■ WHAT IS BEING ASKED ■
From the data below, please reproduce exactly everything from the line that contains "CASA A VENDA" down to the line that contains "Used 2024 Chevrolet", with both ends included.

Start of INPUT FOR THIS TASK

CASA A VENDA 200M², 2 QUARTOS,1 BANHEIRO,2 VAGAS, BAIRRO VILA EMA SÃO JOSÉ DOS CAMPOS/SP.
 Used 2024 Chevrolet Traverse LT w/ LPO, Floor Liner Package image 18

End of INPUT FOR THIS TASK
Start of INPUT FOR THIS TASK

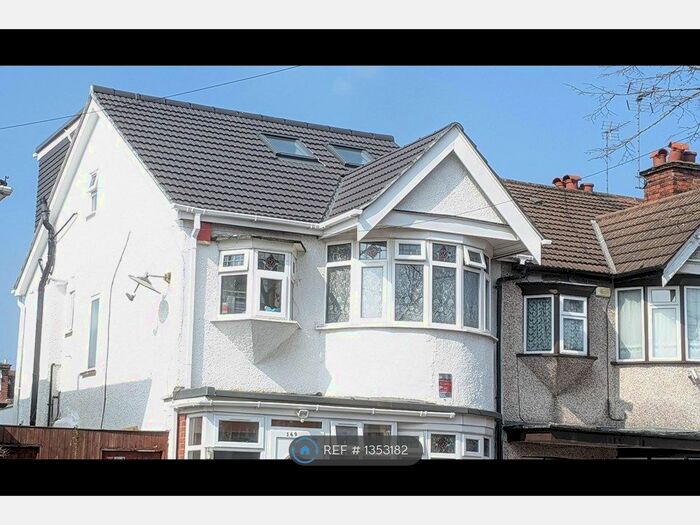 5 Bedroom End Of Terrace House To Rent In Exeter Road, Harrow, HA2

End of INPUT FOR THIS TASK

■ EXERCISE RESPONSE ■
CASA A VENDA 200M², 2 QUARTOS,1 BANHEIRO,2 VAGAS, BAIRRO VILA EMA SÃO JOSÉ DOS CAMPOS/SP.
 Used 2024 Chevrolet Traverse LT w/ LPO, Floor Liner Package image 18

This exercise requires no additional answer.